Each race also varies in distance and length, with some races covering 40 miles in 24 hours or 100 miles in 2 days.
Other races may be much longer, such as the 2018 Adventure Racing World Championships, which took place on Réunion Island and stretched over 250 miles, taking some teams 7-8 days to finish. Learn more about the Adventure Racing World Series →
While though competitors may choose if and when to rest, teams often race continuously, day and night, forcing participants to persevere through fatigue with little-to-no sleep.
At its core, Adventure Racing emphasizes team achievement over individual achievement. In fact, the rules of engagement make it impossible to separate yourself from the pack, quite literally.
Teams must race together and finish together as a unit. The rules require teammates to remain in close proximity with each other throughout the entirety of the race; otherwise, a team could be disqualified if one team member drifts too far from the rest or if they drop out.
To be a successful Adventure Racing team, you must prioritize teamwork above all else.
New Zealand’s most successful Adventure Racing Team, captained by Nathan Fa’avae, has won the World Championships six (6) times within the last 7 years. They exemplify what a winning teamsmanship mentality looks like.
Adventure Racing teams are made up of four (4) people with at least one male and one female racer.
Each racer is given a unique role to help the team succeed. Roles may vary, though teams almost always designate a lead Navigator and a Captain.

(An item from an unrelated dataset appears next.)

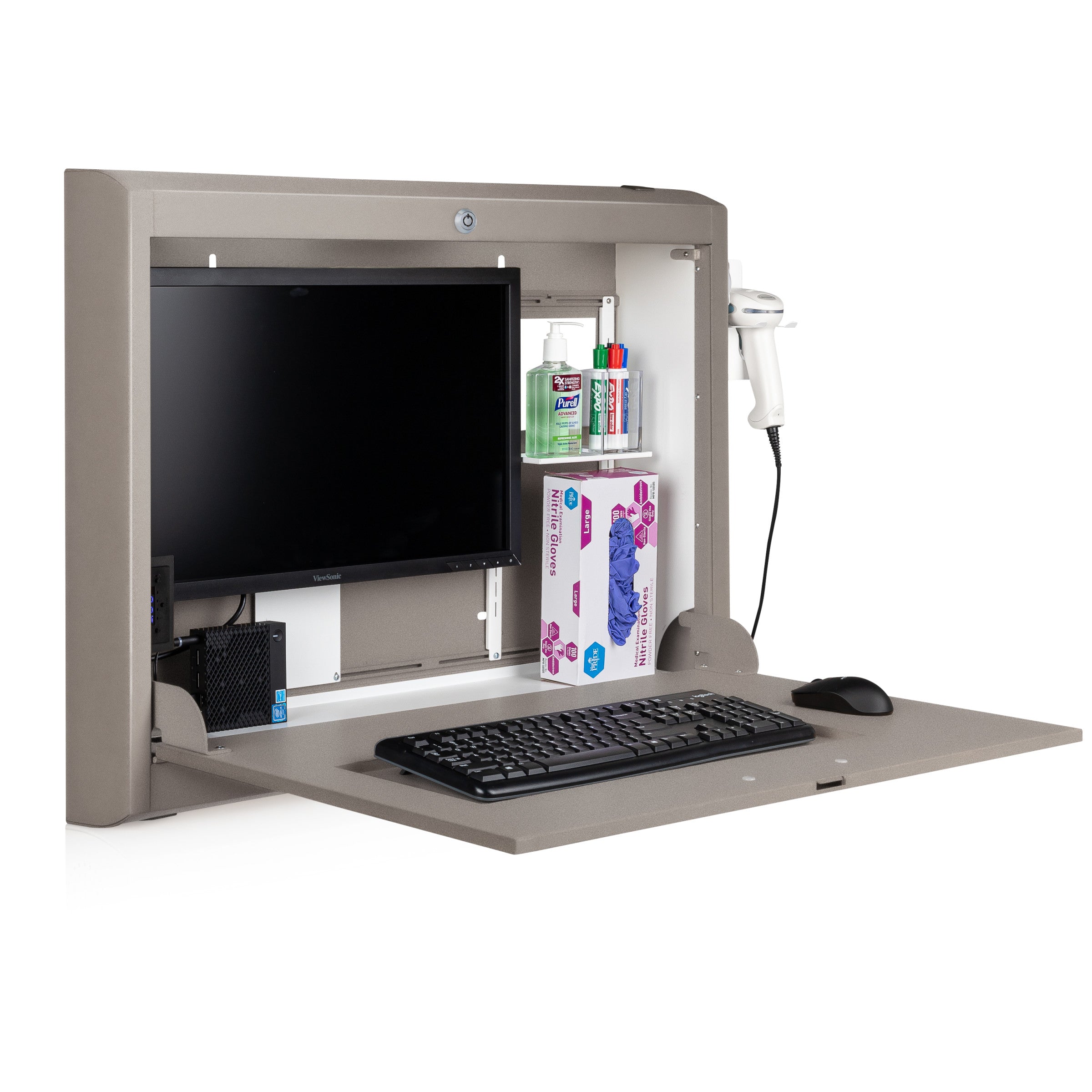 CarePod® Wide 4” Wall-Mounted Workstations with Keyboard Door, River Rock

A Navigator determines the route. Navigators are proficient in reading maps, using a compass, and leading their team through unmarked terrains to reach destination checkpoints without technological assistance (i.e. GPS instruments).
A Captain leads the team’s racing strategy. Captains help make decisions, set the racing pace, determine where and when to rest, leverage the strengths and weaknesses of their team, etc.
Other roles may include a Secondary Navigator, or a Packhorse; someone who is physically stronger than the rest, capable of carrying additional backpacks, and willing to pull teammates on a tow rope.
Believe it or not, the purpose of Adventure Racing is not always to be the first to cross the finish line.
Rusty Chadwick, Teaming Expert and Assistant Director of WinShape Teams, refers to Adventure Racing as, “A small group of people who work together in a difficult environment to pursue a common goal.”
However, that common goal looks different for every team. For Fa’avae and his accomplished team, winning is always on the table; however, simply doing their best is the common goal.
Obviously, if you win the race, the celebrations are more than if you don’t win. But what we really want to do is cross the finish line and know that we have raced to the best of our ability.
If we can do that, we’ll be happy.
Nathan Fa’avae, Team Captain of New Zealand’s Adventure Racing Team
Novice teams can often compete on the same course as professional teams because the desired goal is not to win, but rather to challenge themselves and finish together.
This fact alone differentiates Adventure Racing from most other sports.